The potential series will be shot like a true crime documentary, taking audience inside the emotional journey of an investigation, allowing them to discern the truth and judge the suspects’ guilt or innocence for themselves. The first installment of the BBC version released in 2012, with three follow-ups released in 2016. Each episode serves as a standalone story and describes the events leading to and immediately after a murder has taken place.

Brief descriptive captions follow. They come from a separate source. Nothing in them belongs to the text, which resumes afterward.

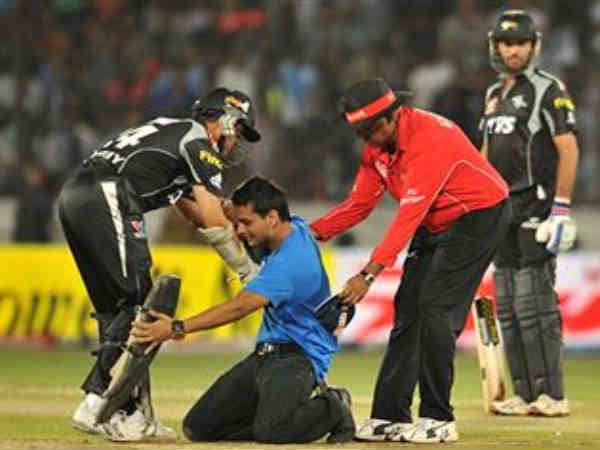 Dada fan breached security to meet him in the Pune vs. Hyderabad (IPL 2012) | Planet "M"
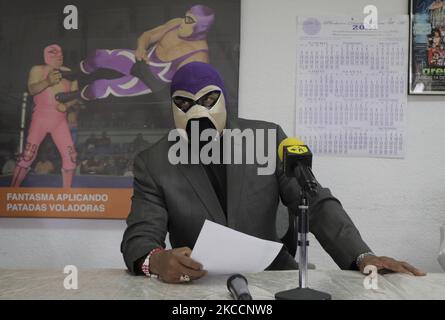 El Fantasma, presidente e commissario del wrestling a Città del Messico, ha denunciato durante una conferenza stampa che si stanno tenendo eventi di wrestling in varie zone della capitale, come il Centro Sportivo Morelos nel distretto di Venustiano Carranza, Senza applicare i protocolli sanitari corrispondenti alla luce dell'emergenza sanitaria COVID-19 e del semaforo arancione. Su Aril 13, 2021 a Città del Messico, Messico. (Foto di Gerardo Vieyra/NurPhoto) Foto Stock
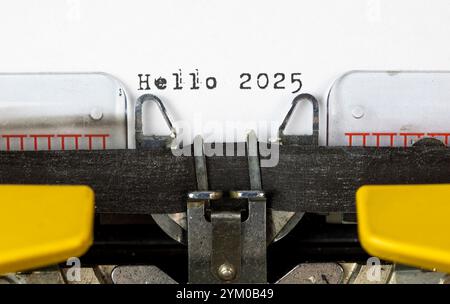 Ciao 2025 scritto su una vecchia macchina da scrivere Foto Stock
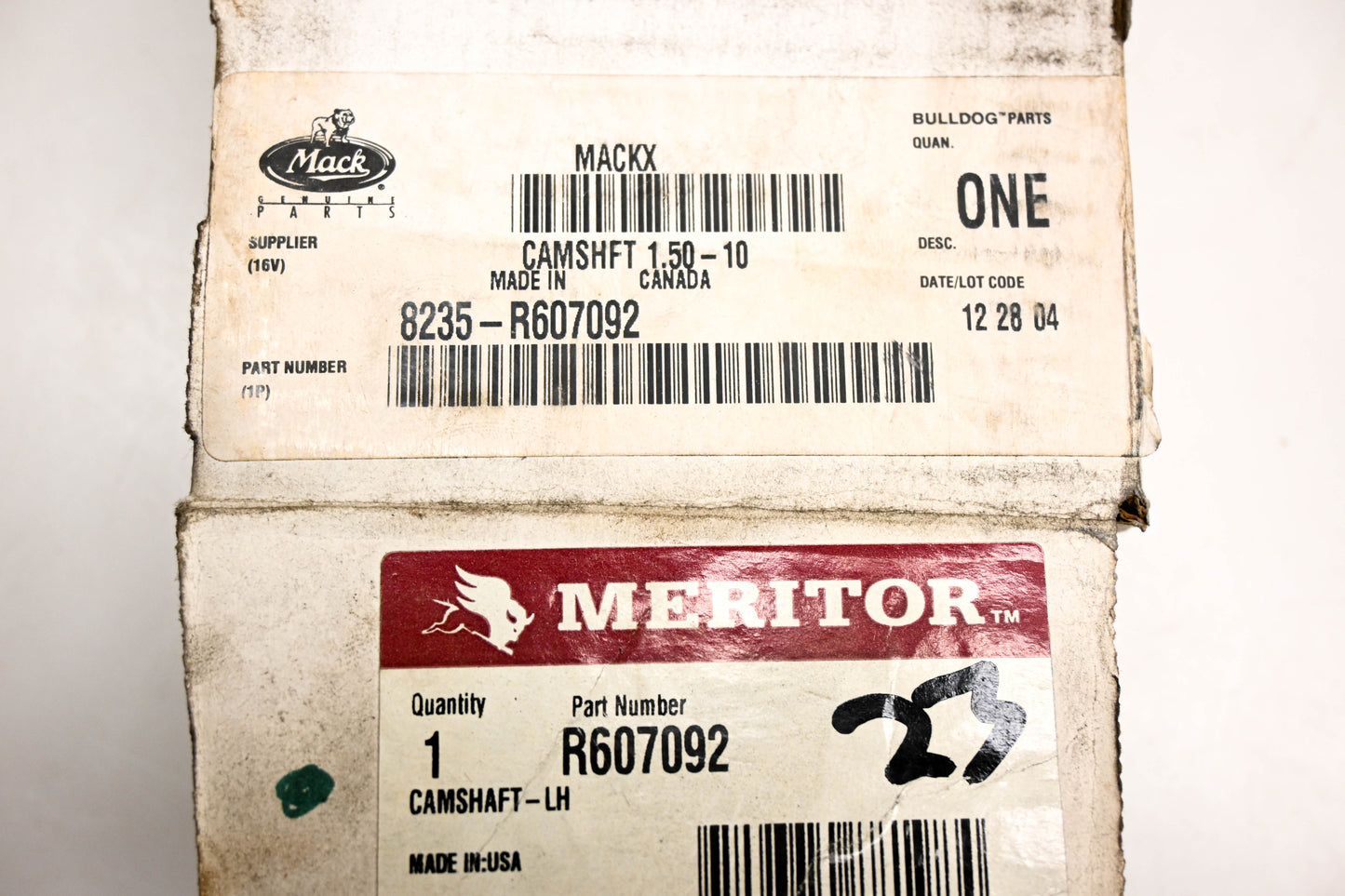 Mack 8235-R607092 Camshaft NOS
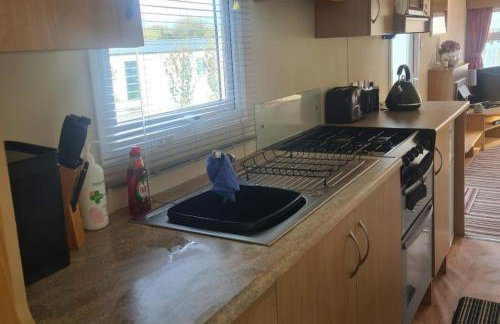 3 Bed Caravan - Sleeps 6 - Pets - Parking - Wifi - Foto 13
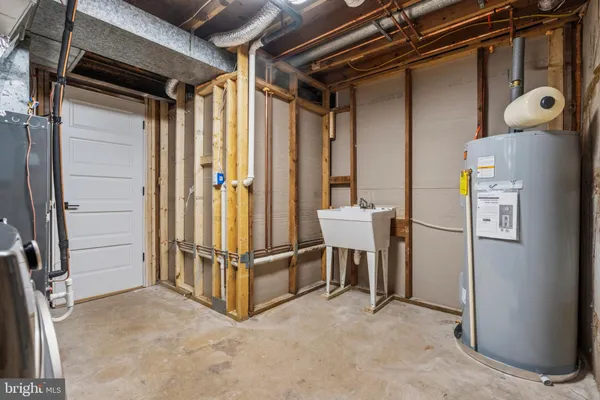 $825,000 | 9203 Fox Lair Drive, Burke, VA 22015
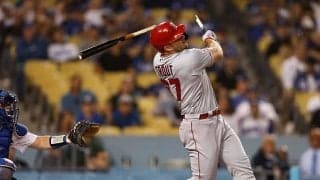 【MLB】エンゼルスの試合で球審にアクシデント　トラウトの折れたバットが顔面直撃、球場騒然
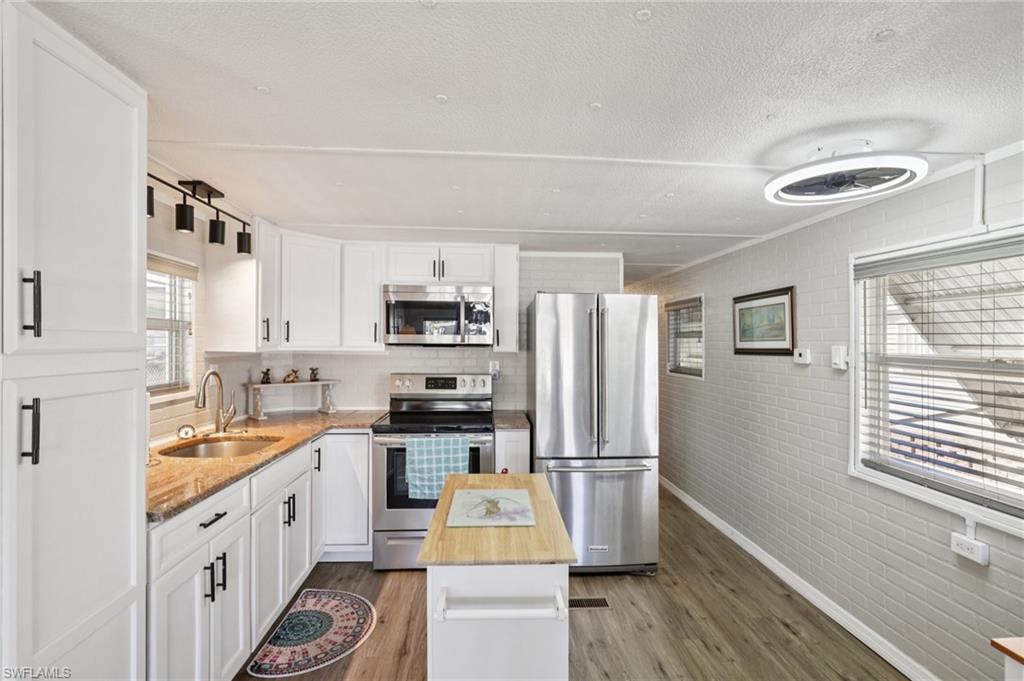 CRYSTAL LAKES - Residential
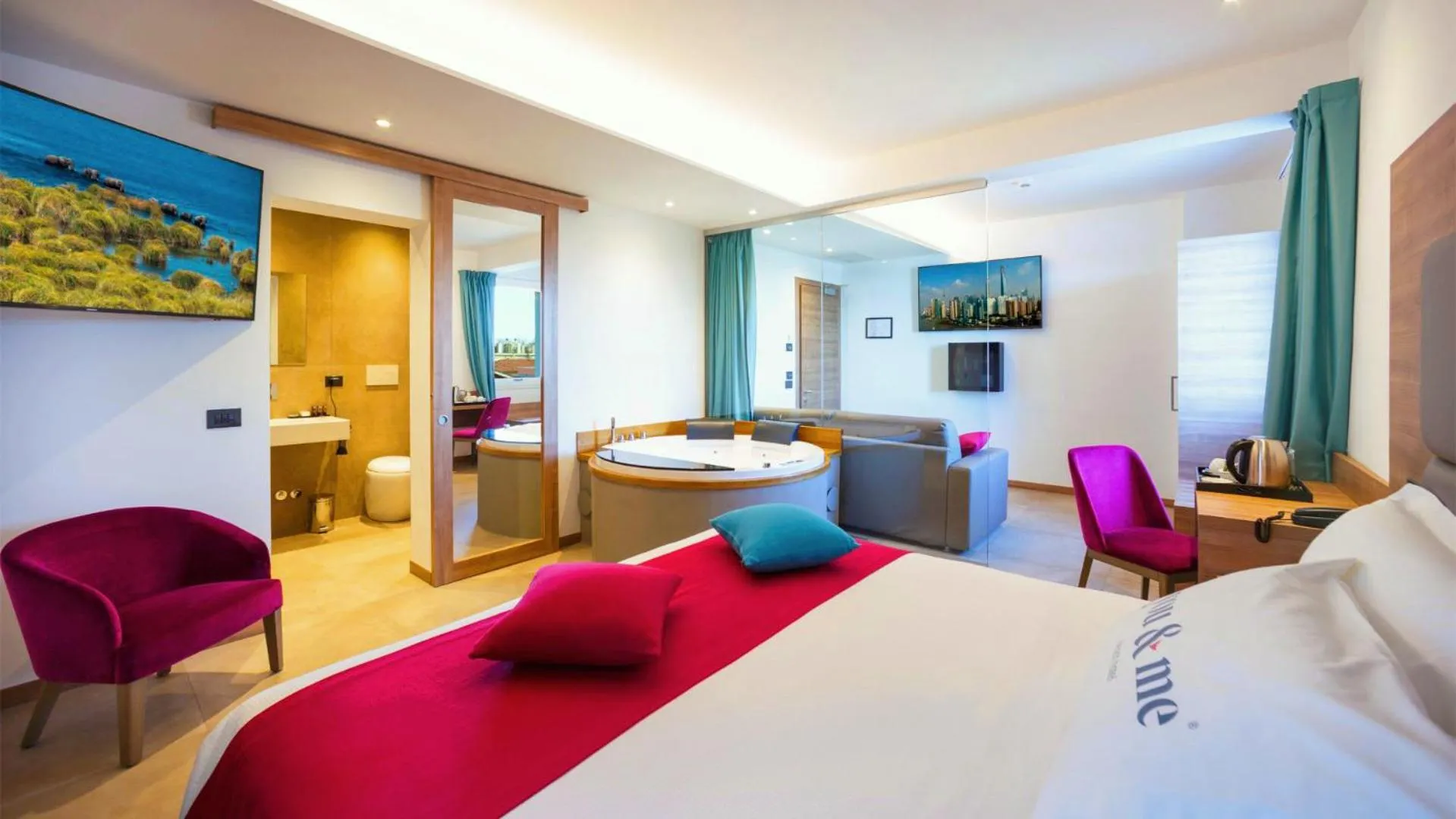 Hot Tub, Bed in You & Me Beach Hotel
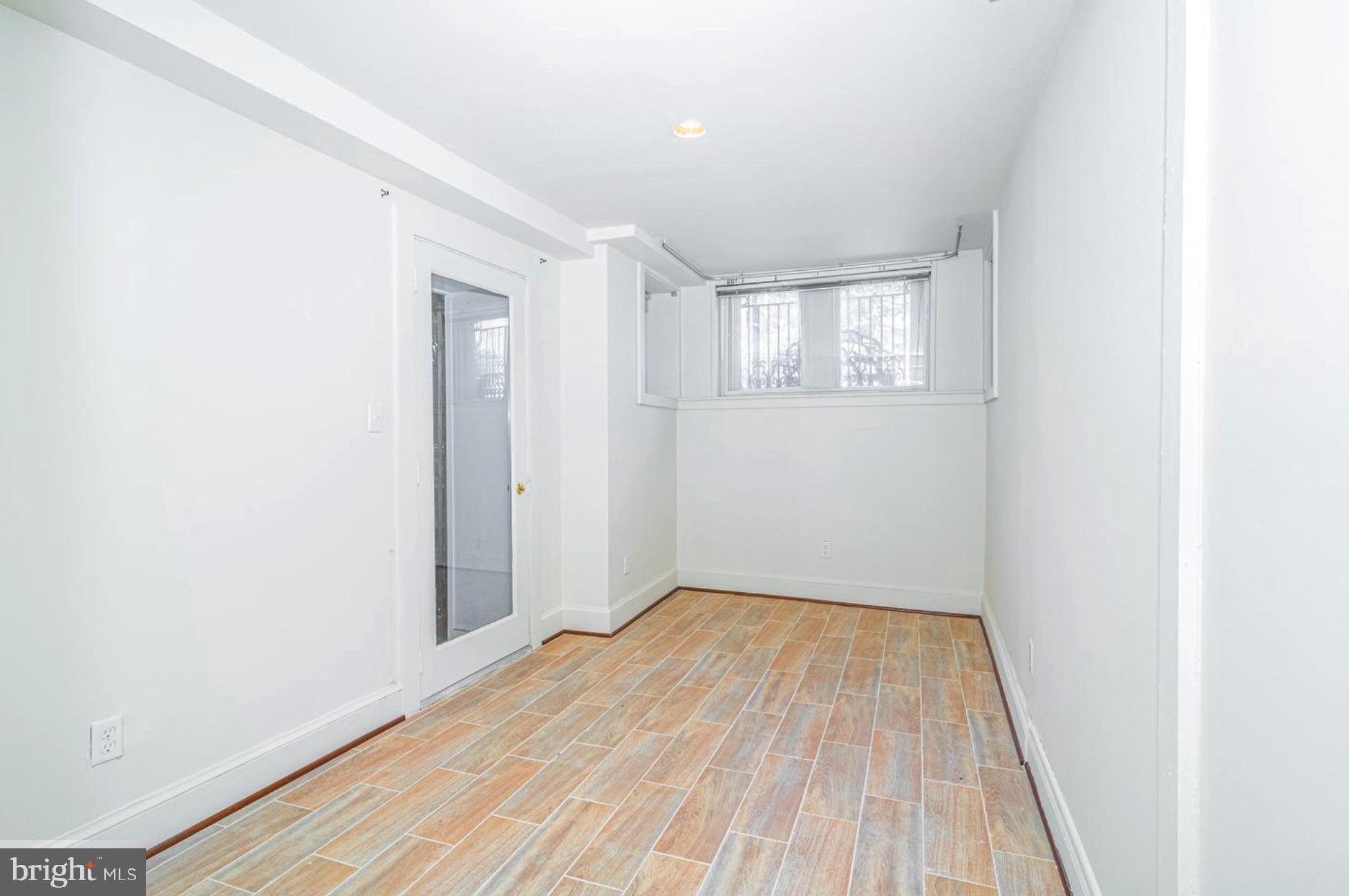 DUPONT CIRCLE - Residential Income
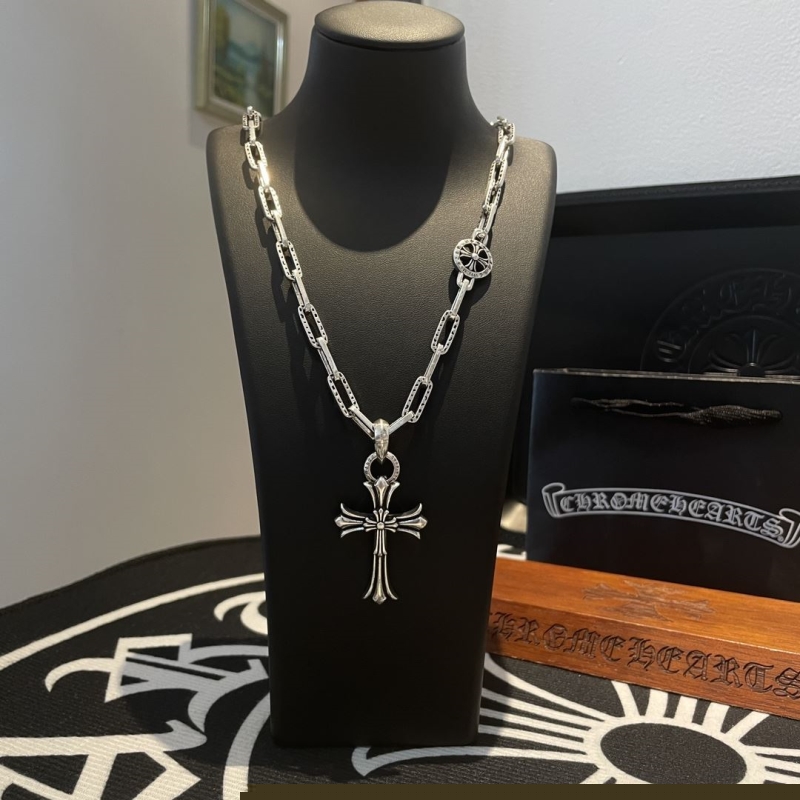 Ch**me He**ts necklaces
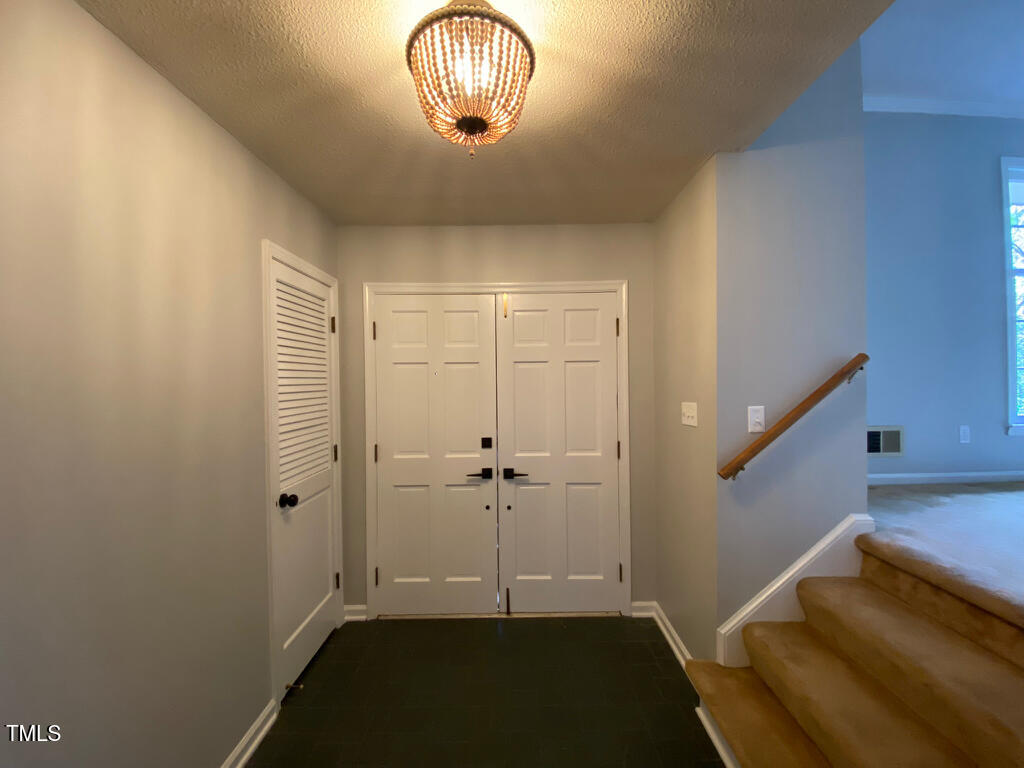 808 Ellynn Drive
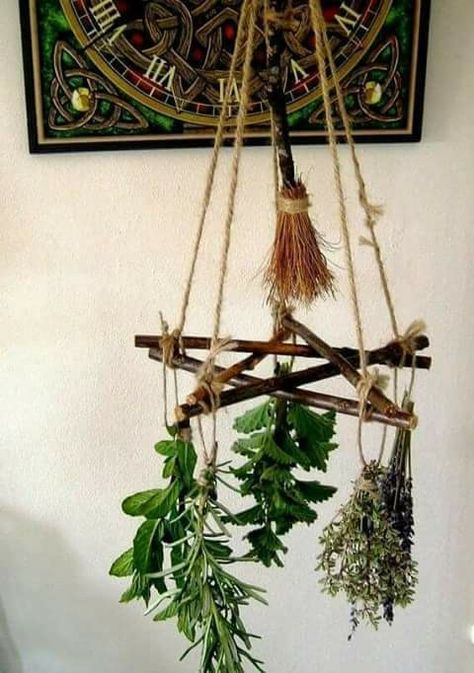 A pentagram that lets you hang herbs to dry. Perfect for smudge sticks too. How To Make A Besom, Wicca Diy, Funky Crafts, Kitchen Witchcraft, Kule Ting, Wiccan Crafts, Wiccan Decor, Pagan Crafts, Magia Das Ervas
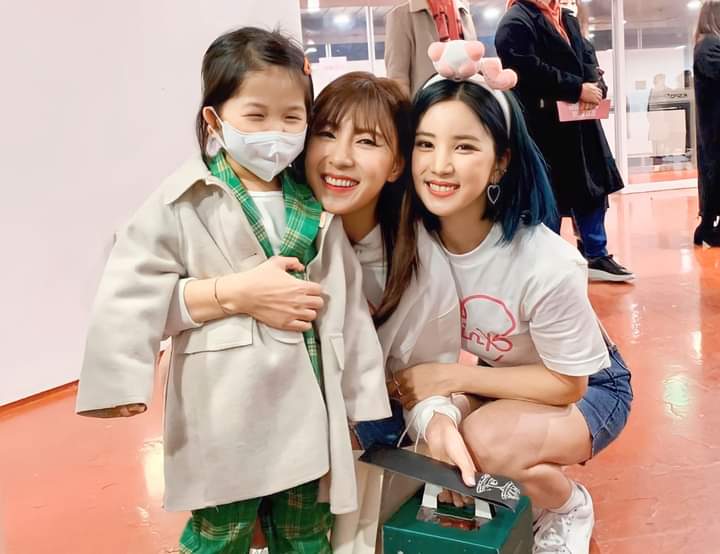 panda19april's tweet photo. #Chorong No.1 Fan her cute niece Kwon Bomi who also attended not just #Pink_drive but also #Pink_Collection & #Pink_World 😍♥️🌹
#에이핑크 #Apink #SELF #ParkChorong #Rong #Rongmama #박초롱 #초롱 https://t.co/iMTGpzJovn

Lin, who also recently produced the hit horror film “It” and previously produced “The LEGO Movie” and “The LEGO Batman Movie,” will executive produce under his Lin Pictures banner. Amanda Green will write and executive produce. Green previously worked with Lin as a writer on Fox’s “Lethal Weapon,” which Lin executive produces. Lindsey Liberatore will co-executive produce. Warner Bros. Television will produce in association with Lin Pictures.

Lin Pictures is repped by UTA, as is Green.

True crime docu-series have proven incredibly popular in recent years. The Netflix 10-episode series “Making a Murderer” investigated the case against convicted Wisconsin murderers Steven Avery and his nephew Brendan Dassey, calling into question the evidence against them and the police department’s potential motive against Avery. Most recently, Dassey’s confession was thrown out by an appeals court and he was granted a new trial. Netflix also recently released “The Keepers,” which explores the unsolved murder of the Baltimore nun Sister Cathy Cesnik in 1969.

Likewise, the podcast “Serial” examined the case against Adnan Masud Syed, who was convicted in 2000 of murdering his ex-girlfriend in Maryland. After the release of “Serial,” a judge vacated Syed’s conviction and he was also granted a new trial in 2016.

The genre has proven so popular, in fact, it has even been the subject of parody. On Sept. 15, Netflix will release the eight-episode true-crime spoof “American Vandal,” which explores the fictional case of a high school student who is expelled after he is accused of spray painting penises on over two dozen faculty cars.